Dalriada, Argyll, Scotland 1st January 1793
GAELIC CALLS spin a web through the mist in arcs of soft sound. Fear unsteadies the unseen flocks on the scrub heather hillside as men and dogs weave a trap around them in the darkling night. Once the flocks are penned, then the lanterns are turned towards the south. The watchers wait in silence.
Meanwhile, down below, at Crinan Loch-side, a horse’s muffled hooves slither on the cobbled apron before the Castle Craig Lowrie gate. The slope is steep and wet with winter but the horse keeps moving forward. Then, at the forest’s secret edge, the muffles are removed, swiftly, deftly. The rider – dressed in groom’s clothes and wrapped in a stolen plaid – climbs into the saddle. Which way? They take the track north from Dalriada towards Oban.
Watching from castle battlements, eyes – azure, intelligent – pick out the moon-cast shadows as the rider moves away in dusky night. ‘Safer out there than here, at present,’ Malcolm Craig Lowrie thinks. ‘I will know where to find her – when I need.’
He pauses for the tiniest shard of a split moment. He wonders how it would feel to love and be so loved – as that young girl is. Then he turns back to his task in hand. A laird with five hundred armed men at his call, he is waiting – as always – for yet another attack.
Jessie: The man with ‘azure eyes’ was not from our world. Tell me more about the historical context and the plot.
Elizabeth: It is 1793. Revolutionaries plan to execute the French Queen Marie Antoinette and, watching events unfold alongside the whole of Europe, King George III of Great Britain fears French-style rebellion in his Scottish lands.There, fractured truths, torn loyalties and bloody atrocities are rife and, in Argyll, the Craig Lowrie clan desperately need someone to keep them safe. Malcolm Craig Lowrie, the handsome, murderous ‘Wolf of Dalriada’, rises to the challenge. Then, with Adelaide de Fontenoy – a beautiful young Frenchwoman fleeing from debauched lawyer, Sir William Robinson – Craig Lowrie finds love and his dilemmas become as unforgiving as the land of Argyll itself…
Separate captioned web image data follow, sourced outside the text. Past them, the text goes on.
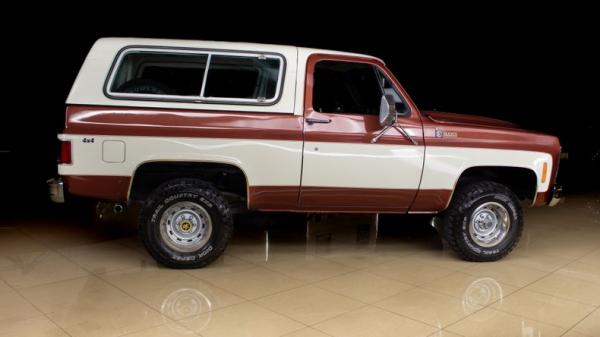 1979 Chevrolet Blazer Cheyenne 4X4 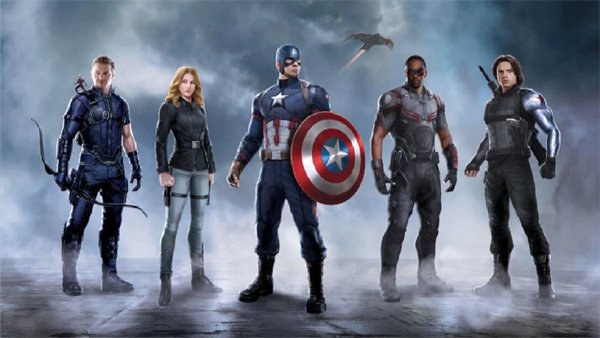 New Captain America Civil War Promos Reveal Which Superheroes Are On ...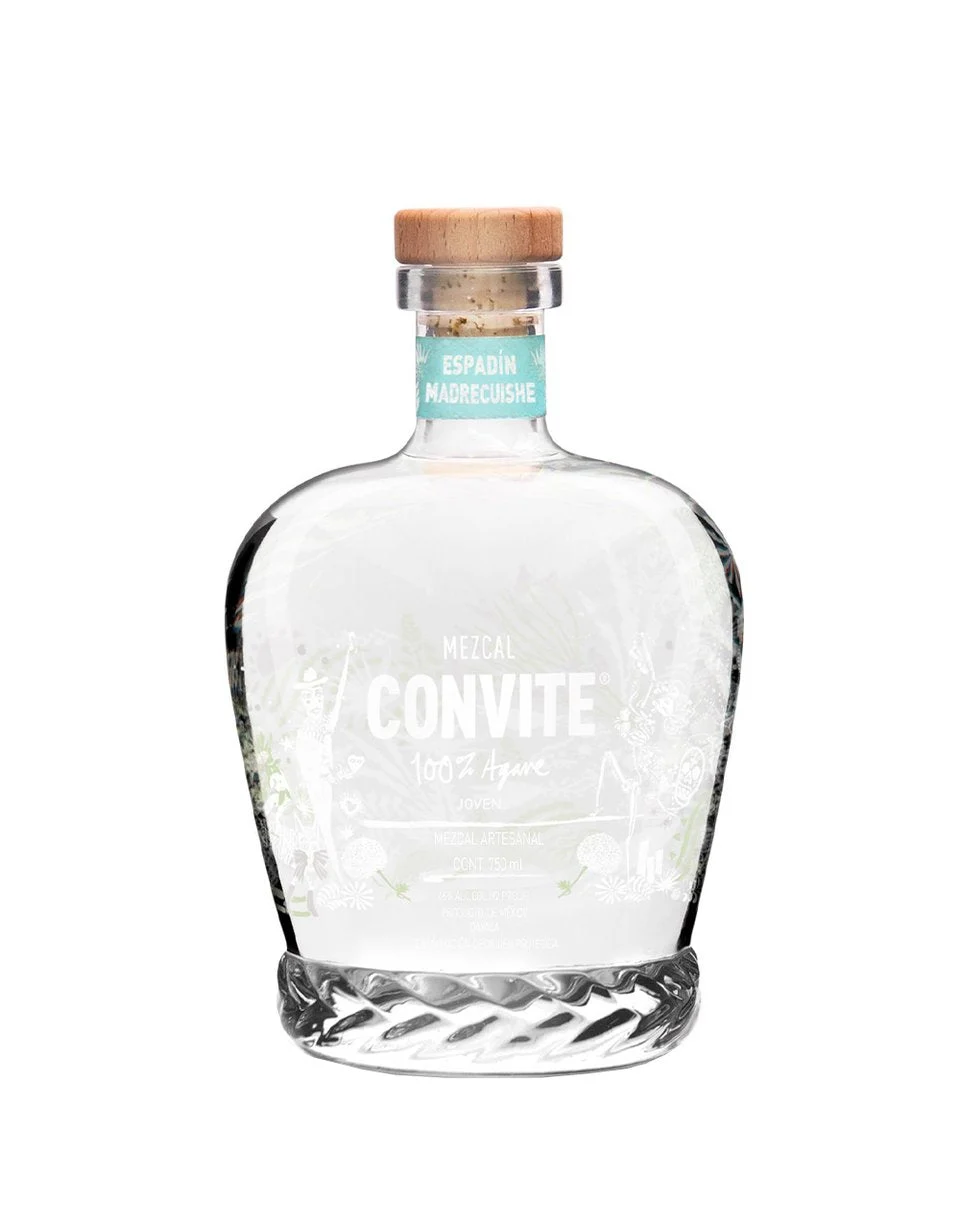 Convite Espadin-Madrecuishe Blend Mezcal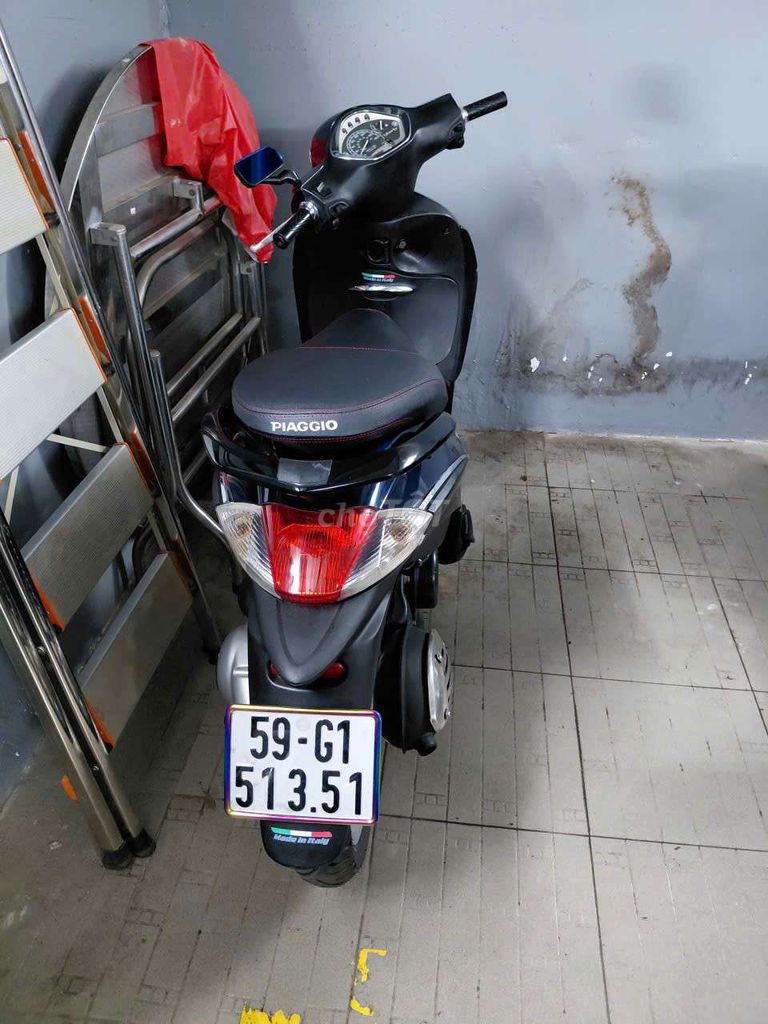 Piaggio Liberty Xanh đen Đã qua sử dụng. Mua bán Xe máy tại Quận 3 Tp Hồ Chí Minh được đăng bởi danh hình 1
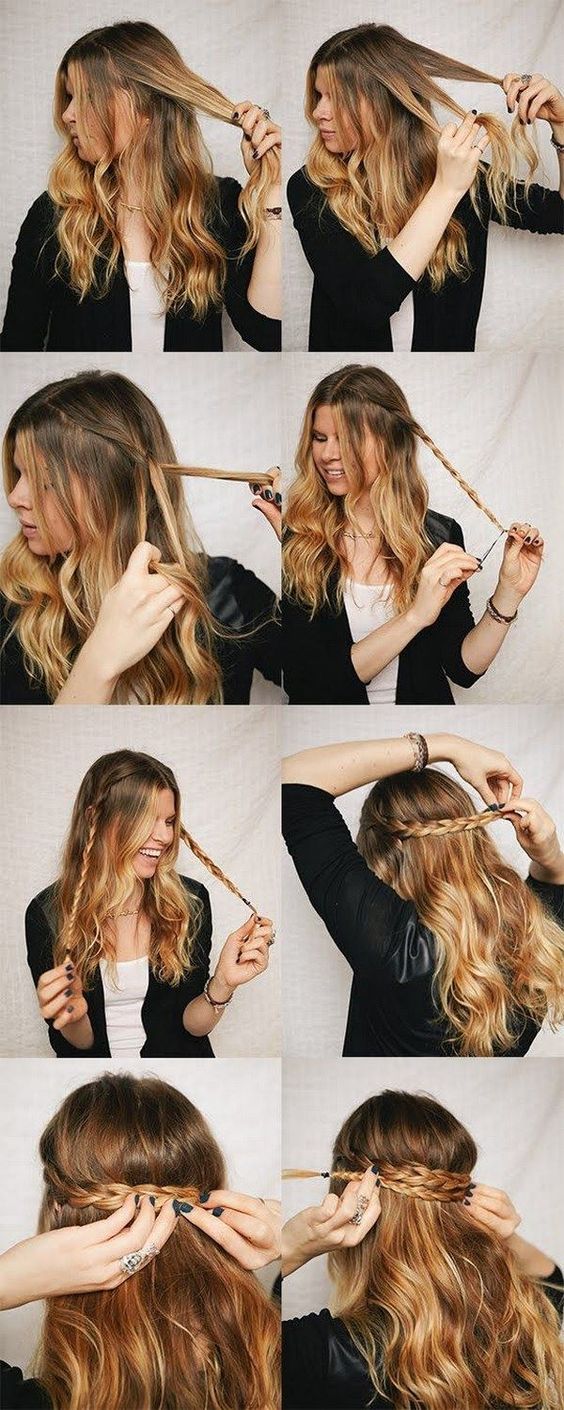 Peinados Recogidos Con Trenzas Faciles Y Sencillos (5)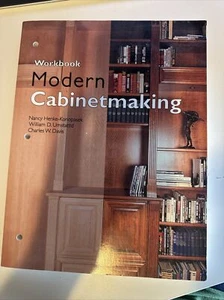 Modern Cabinetmaking Workbook by Charles W. Davis and William D. Umstattd  1999 - Imagen 1 de 2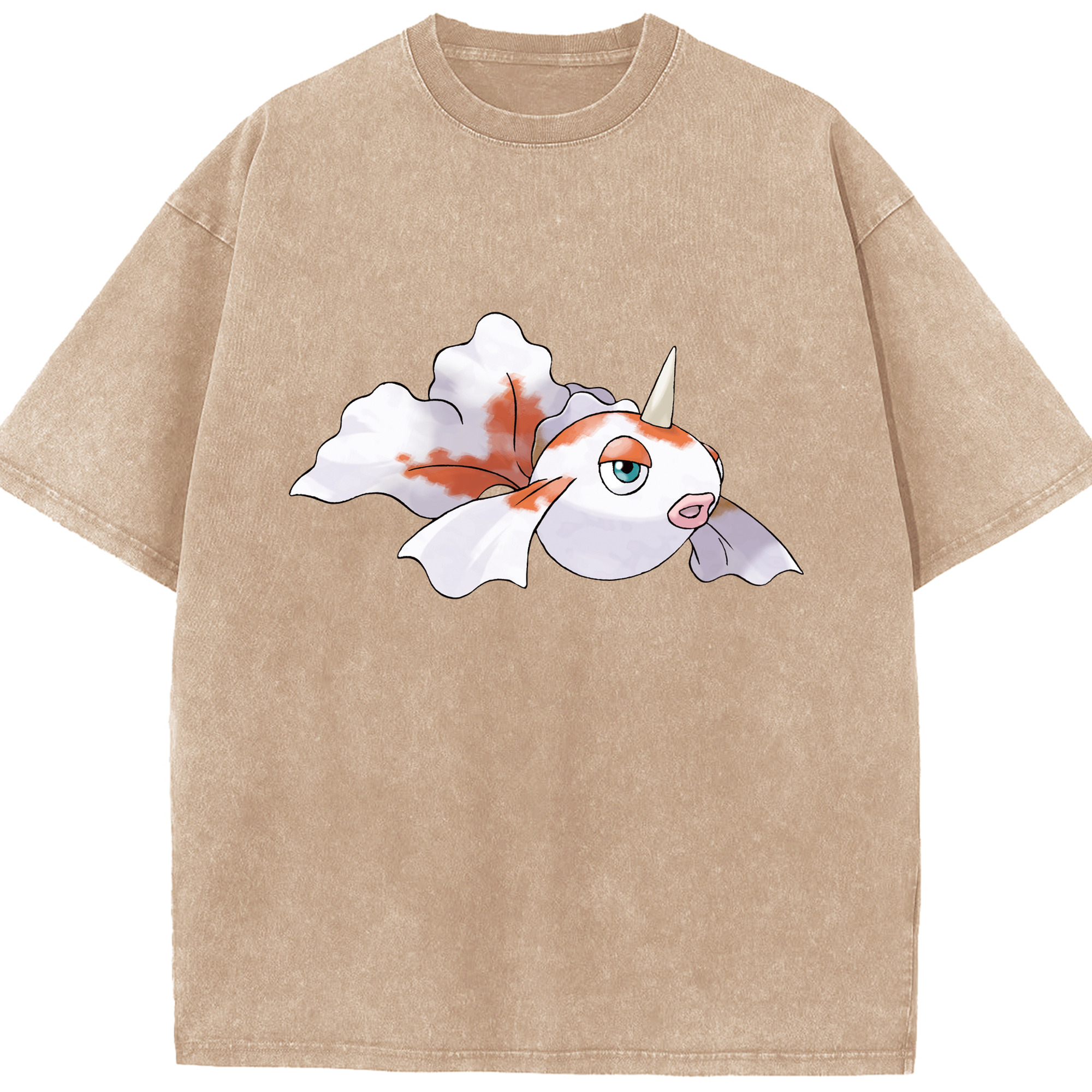 （画像用） ポケットモンスター Pokémon 綿100% ヴィンテージ風 半袖Tシャツ（フロントプリント）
Jessie: What do the reviewers think about the novel? I expect they were thoroughly seduced by the plot and characters.
Elizabeth: I have been very pleased with the positive response.
‘Just stunning writing, historical turmoil and romance at its very best’ – Rhona Whiteford, novelist and independent publisher.
‘As Scottish as whisky’ – Deborah Jones, Novelist.
‘You won’t want to put this down’ – Carol Fenlon, Novelist.
Jessie: How did you feel when you had finished writing the novel?
Elizabeth: I was quite bereft when I finished writing ‘The Wolf of Dalriada’. As I couldn’t imagine life without the riveting character of Malcolm Craig Lowrie and the urbane and evil Robinson, I immediately started my second novel, due out this year. I’m now creating a series.
The Wolf of Dalriada sounds captivating. The laird certainly sounds charming. I hope you are tempted to visit Craig Lowrie and his dilemmas.